As I’m beginning to knock on a bit, I sometimes find it helpful to step back in time and take a look at the old me, the 21-year-old currently still happy and healthy inside my head but, in reality back in 1985, casually dismissing almost everything dating from after 1969 as banger material.
Here in 2016, I’m pretty much of the same opinion, cue controversy, but once behind the steering wheel of a modern classic, let’s say anything dating from 1990 to 2000, I can feel the joy. In my fleet there are two such vehicles. My Land Rover Disco’ Series I and my Jag’ XKR. If I 1985-ise this pair, I’m driving a 1962, Series II 88in Land Rover and a 1968 2+2 Jaguar E-type, both of which are perfectly acceptable. My Austin Seven becomes a 1903 Wolseley, with a replica body, which is also eminently acceptable.

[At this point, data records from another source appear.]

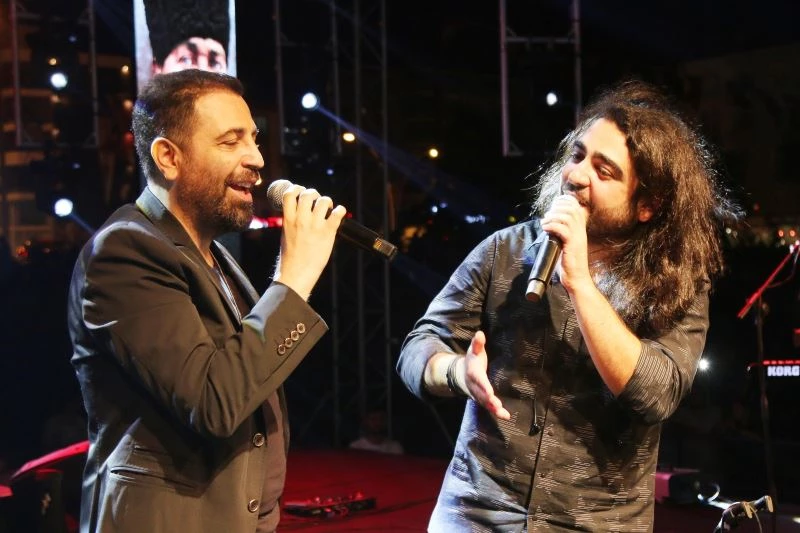 Atakum’da zafer coşkusu: Selçuk Balcı ve İsmail Altunsaray konseri
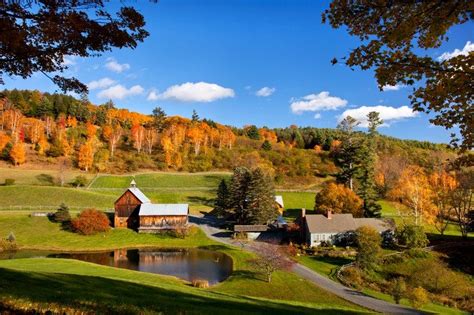 All The Ways To Enjoy Fall Foliage In Vermont Hikes Ski Gondolas Scenic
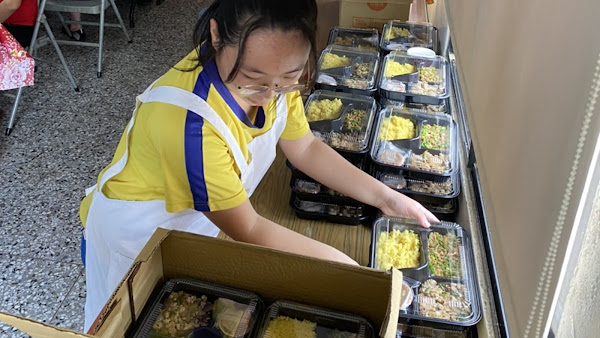 二水國中學生手作時令餐盒 送愛到源泉社區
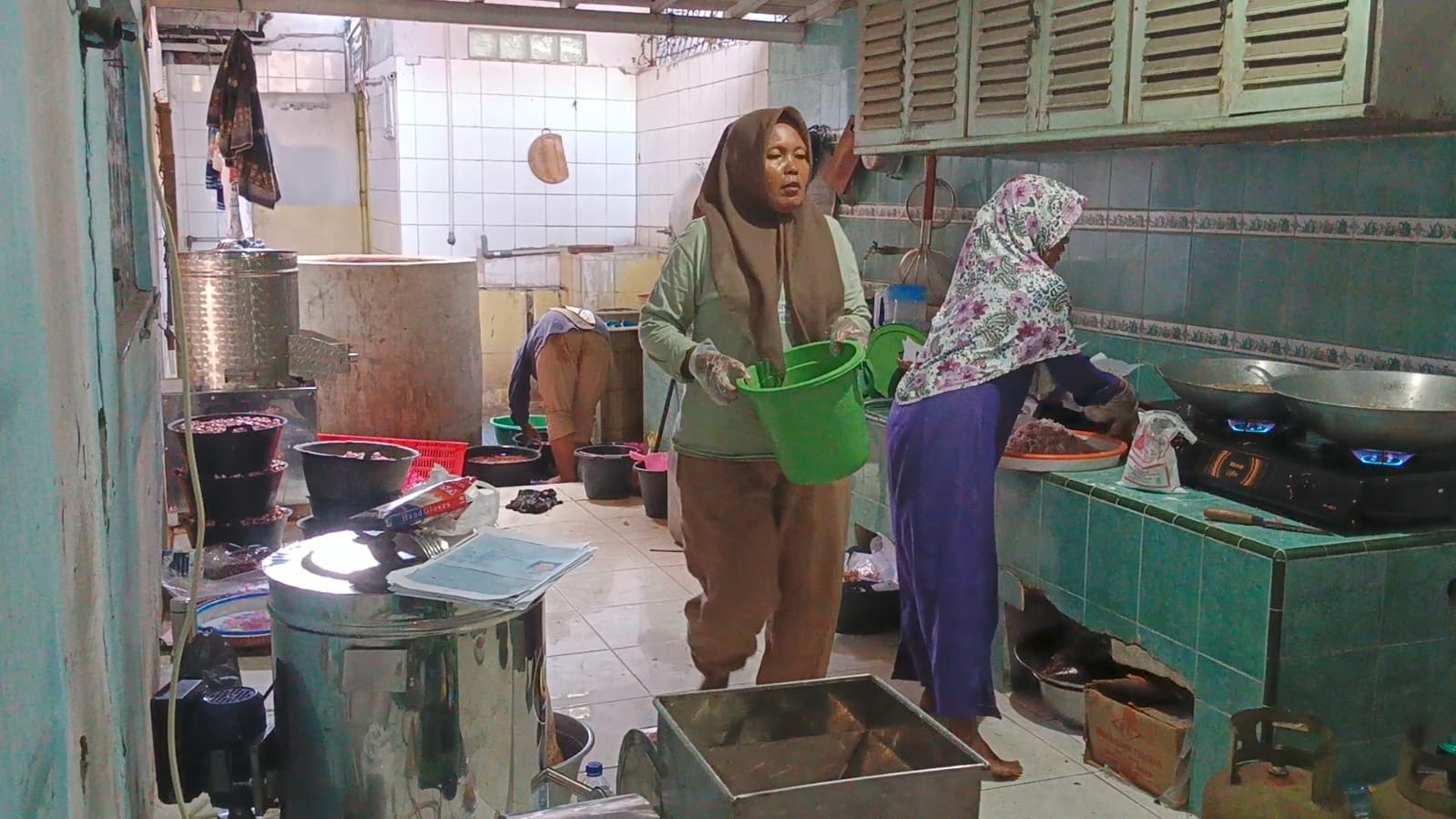 Bawang Goreng, Olahan Bawang Merah Solusi Saat Harga Anjlok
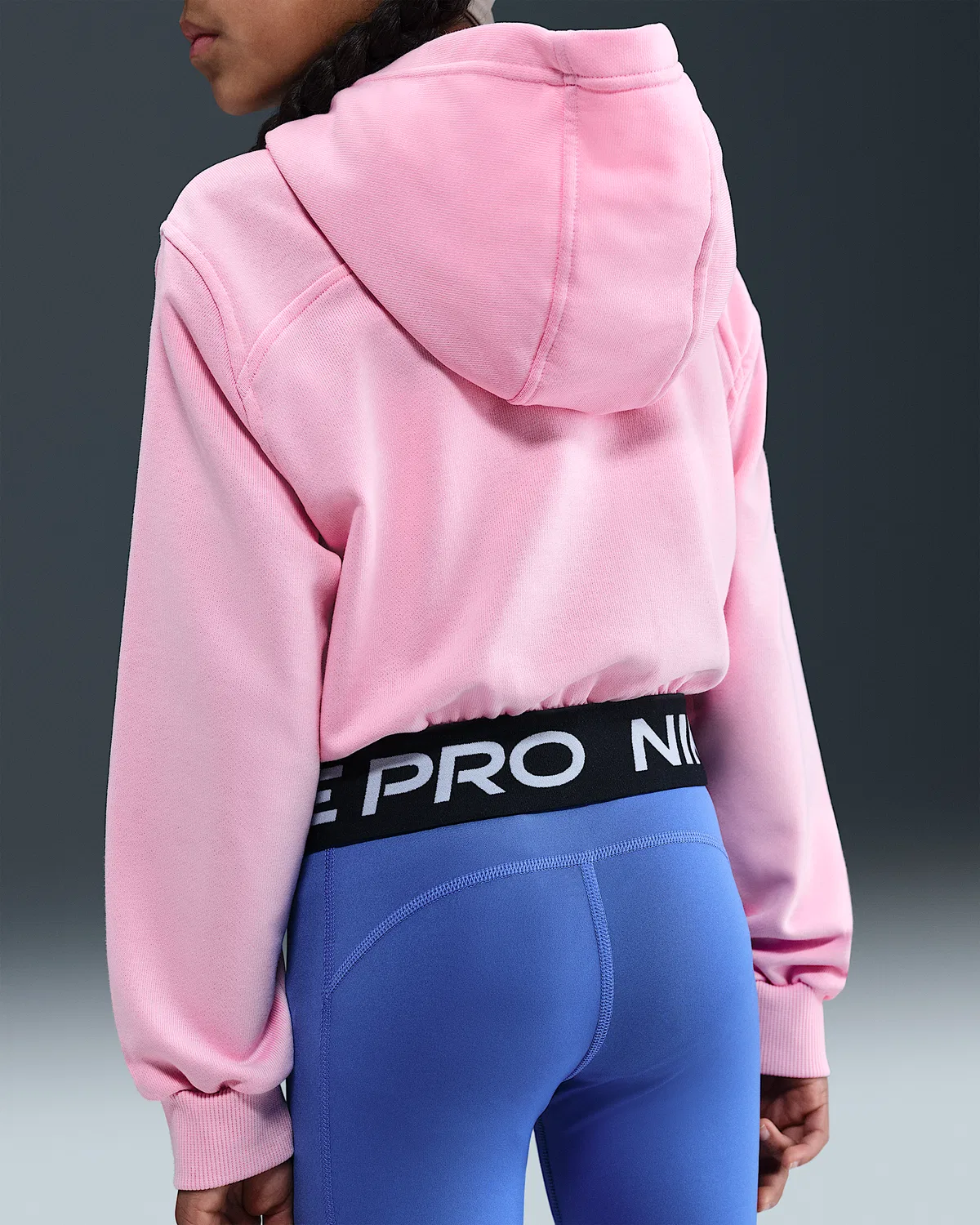 Детская (девичья) флисовая кофта Nike Pro Fleece Dri-FIT на молнии, Medium Soft Pink/Medium Soft Pink/Black/White — фото 2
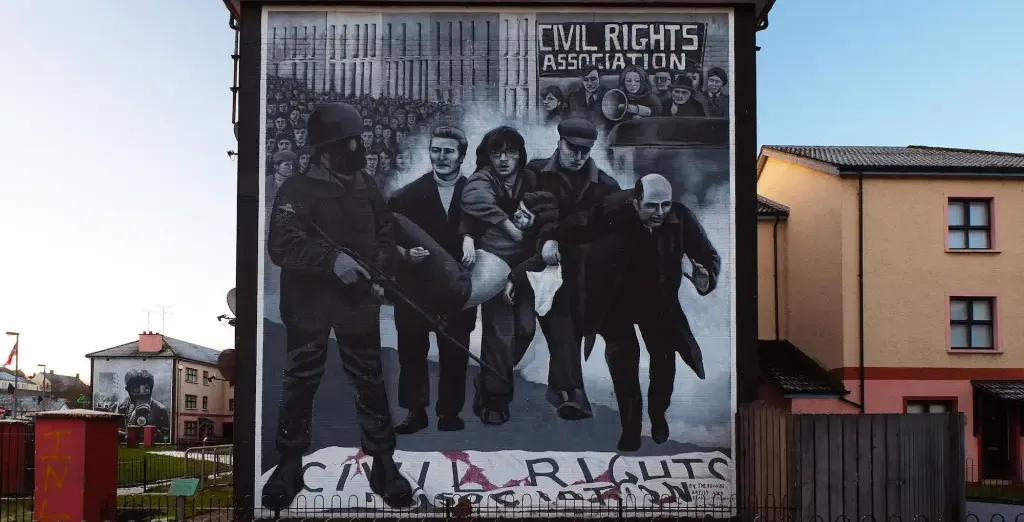 Imagen de archivo de un mural en memoria del Bloody Sunday de 1972 en Derry (Irlanda). Foto: Vice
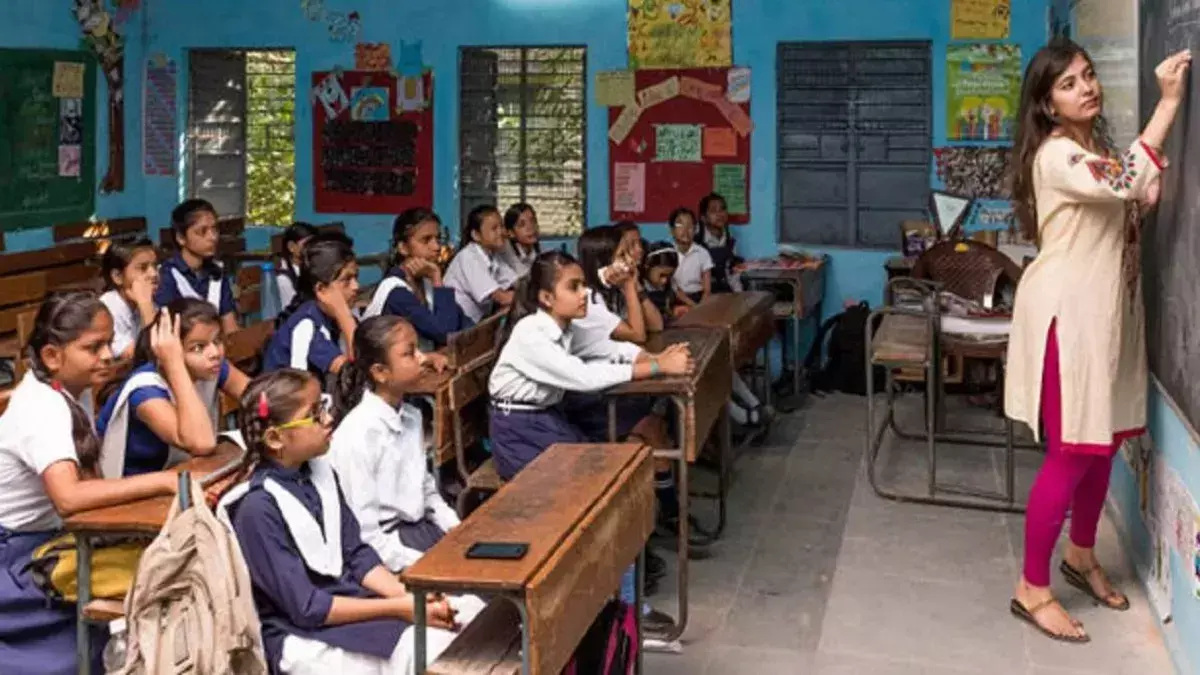 उत्तर प्रदेश में राजकीय माध्यमिक स्कूलों में बदलेगा छुट्टी का तरीका,ऑनलाइन होगी छुट्टियों की व्यवस्था उत्तर प्रदेश में राजकीय माध्यमिक स्कूलों में बदलेगा छुट्टी का तरीका,ऑनलाइन होगी छुट्टियों की व्यवस्था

So, excuses for modernity made, what have I been up to recently in the old crocs? Well, let’s start with the A7. For too long, this little car has sat unfinished in various locations about the UK.
I’ll admit that I didn’t really have a direction for the project. Period replicas are compelling, but my Seven has a rudimentary and rather charmless square cut bathtub body. However, its chassis features flattened springs and in order to allow the combination to be driven, I secured the radiator using thick steel strips bolted from the body to its shell.
Thus, suddenly, a diminutive rat-rod has taken shape. It is pure Austin Seven and it certainly isn’t quick even by post-1950 standards, but, boy, it really is a whole heap of fun.
Little more than a bit of tin on wheels, with an engine of dubious health, a slightly porous final drive housing and an unpredictable gearbox, it is a delight to drive, having been tested on the dirt track between our place and the neighbours’ houses.
Once again I’m reminded that I’m getting old because I can safely saythat knocking about in this little brute is as much fun as one can have fully clothed.
All that remains practically is to properly fit the Autosparks loom and source some headlights and a mounting bar, followed by a hopeful club-supported representation to the DVLA, registration, insurance, third party inspection and then some more fun.
The Disco’ is a car for which I have plenty of respect. My 200Tdi example has been with me for three years now and has achieved 50,000 miles in service, on trips all over the UK and to mainland Europe too.
It’s not exactly a sparkling machine performancewise, but I would trust it to get me anywhere in an emergency. Currently I’m fitting a few replacement brake pipes for perhaps its last MoT test in my ownership although, as I’m so fond of the old machine and because it’s had a new nearside front wing to replace one damaged in the brief Shropshire freeze, I might permit it a stay of execution.
While the Disco’ may lack pace, the Jaguar XKR places dollops of full-fat whipped cream power through its custard auto’ gearbox to provide a thoroughly entertaining and capable long-distance cruiser, but its lumbering weight is made manifest by its relatively short-lived suspension joints and bushes which I’m currently replacing piecemeal.
In fact, while in the process of removing the offside lower suspension ball joint, a couple of workmates and me received the shock of our lives. Using gentle oxy-acetylene heat to assist removal of the joint in-situ, there was suddenly an extremely loud bang and the three people involved immediately turned toward the gas bottles, fearing some sort of blow-back. In the air was an acrid burnt smell that was unpleasant on the throat.
The bottles were immediately turned off, but nothing appeared to be amiss until, looking back at the balljoint, we realised that the heat had expanded the remaining grease to the point where the forces were great enough to fire the ball-pin out like a bullet. It was rather lucky that none of us had our feet in the direct line of fire, as the pin made quite an impression in the concrete below.
Nearly 40 years since I was first put to work as a numberplate maker and welding fire watch as a 12-year-old during school holidays at my cousin, John Wardrop’s, Regent Motors garage in Linlithgow, West Lothian, I’m still learning that cars can be temperamental things.